AGORA II
Sens/ Noémie Lafrance
McCarren Park Pool
Lorimer St. between Driggs & Bayard Ave
Brooklyn, New York
box office
September 13 - 30 2006,
By ELLEN PEARLMAN

If you closed your eyes at Times Square at noon, or Union Square on a warm Friday night when the skateboarders are out, or the Fulton Street Mall the day before a bustling holiday you would find the thematic substratum for Lafrance’s newest work, Agora II. Set within the 50,000 square foot McCarren pool in Williamsburg, Brooklyn, Agora II wrestles images of daily life out from their context and using a cast of 60, pops them back into La France’s Magnum opus.
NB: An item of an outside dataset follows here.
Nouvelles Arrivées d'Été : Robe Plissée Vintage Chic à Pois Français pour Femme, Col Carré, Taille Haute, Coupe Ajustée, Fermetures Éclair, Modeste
Drawing on a rich tradition dating from 1960s of happenings and Fluxus events, updated with lessons learned from the German dancers Pina Bausch and Sasha Walz, Le France tackles the chaos of mass communications and multimedia spectacles and throws in audience interaction. Agora II is much better thought out, paced, lit and sound designed than its predecessor, the original Agora from last year. The sheer number of choreographed parts would make any theatrical person’s head spin. It began with different “teams” from the audience finger snapping and clapping along with the performers. Two people solemnly marched in carrying a body, their shadows increasing to a giant size. The body was laid down and disappeared into a trench. Dancers asked the audience questions. A girl in a huge bonnet extended a cup of tea to a never-appearing recipient. Salomé-like wraiths ran by a monk/death figure who threw down clattering boards. Men in suits gyrated using hula hoops. A girl in sweats yelled into a bullhorn. Audience members jumped in and strode across the pool. An astronaut danced in a space suit and a guy bicycled while vocal sampling into a microphone. Two dancers frolicked in a real small plastic pool filled with water while otherscollapsed of gas or asphyxiation, coughing to death. A seated guy in a suit and tie watched TV and pushed himself and his chair all over the place.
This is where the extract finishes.